Tourism spending by Canadians at home continues to rise
Tourism spending by Canadians in Canada increased 1.1% in the second quarter, more than twice the pace recorded in the previous quarter. The gain in the second quarter was the largest since the first quarter of 2014.
The increase was mainly attributable to passenger air transport (+3.0%) and, to a lesser extent, accommodation (+1.3%) and vehicle fuel (+1.0%). Tourism spending on non-tourism goods and services (+1.0%), such as groceries and clothing, was also higher.
Outlays on recreation and entertainment were down 2.8%.
Spending by international visitors increases
Spending by international visitors in Canada rose 1.0% in the second quarter, following a 4.1% gain in the first quarter. An increase in travel from abroad and a depreciation of the Canadian dollar versus its US counterpart may have contributed to growth in the first quarter.
The increase was mainly attributable to passenger air transport (+3.3%). Accommodation (+1.4%) and food and beverage services (+1.5%) also contributed to the gain. Conversely, recreation and entertainment declined 2.7%.
Outlays on vehicle fuel (-2.8%) and non-tourism goods and services (-0.3%) were also lower. The appreciation of the Canadian dollar against the US dollar and a decline in car travel from the United States may have contributed to the decreases.
Tourism gross domestic product increases
Tourism gross domestic product (GDP) grew 0.8% in the second quarter, following a 1.3% gain the previous quarter. A slowdown was recorded in most tourism industries. By comparison, national GDP declined 0.2% in the second quarter, after increasing 0.6% in the first quarter.
The increase in tourism GDP was driven by transport (+1.8%) and accommodation (+1.5%). Tourism GDP in non-tourism industries (+0.5%) also rose, while other tourism industries (-1.1%) posted a decline.
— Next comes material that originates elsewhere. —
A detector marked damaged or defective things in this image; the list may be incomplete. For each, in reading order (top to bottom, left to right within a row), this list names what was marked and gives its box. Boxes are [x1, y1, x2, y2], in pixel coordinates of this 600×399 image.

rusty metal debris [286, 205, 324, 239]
Tourism employment rose 0.7%, following a 0.2% gain the previous quarter. Air transport (+3.2%), food and beverage services (+0.8%) and accommodation (+0.4%) were the largest contributors to tourism job growth; all three tourism industries posted stronger job increases in the second quarter than in the first quarter. Tourism employment in non-tourism industries (+0.3%) was also up. Conversely, the number of tourism jobs in recreation and entertainment (-0.3%) decreased.
Note to readers
Growth rates for tourism spending and gross domestic product are expressed in real terms (that is, adjusted for price changes), at 2007 constant prices, as well as adjusted for seasonal variations, unless otherwise indicated. Employment data are also seasonally adjusted. For information on seasonal adjustment, see Seasonally adjusted data – Frequently asked questions.
Associated percentage changes are presented at quarterly rates unless otherwise noted.
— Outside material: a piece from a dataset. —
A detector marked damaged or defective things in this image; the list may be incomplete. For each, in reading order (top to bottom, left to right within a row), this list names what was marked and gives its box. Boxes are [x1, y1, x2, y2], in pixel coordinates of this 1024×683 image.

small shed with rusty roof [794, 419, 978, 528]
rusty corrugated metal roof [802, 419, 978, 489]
The national tourism indicators are funded by Destination Canada.
The System of Macroeconomic Accounts module, accessible from the Browse by key resource module of our website, features an up-to-date portrait of national and provincial economies and their structure.
The Methodological Guide: Canadian System of Macroeconomic Accounts (13-607-X) is available from the Browse by key resource module of our website, under Publications.
The User Guide: Canadian System of Macroeconomic Accounts (13-606-G) is also available from the Browse by key resource module of our website, under Publications. This publication will be updated to maintain its relevance.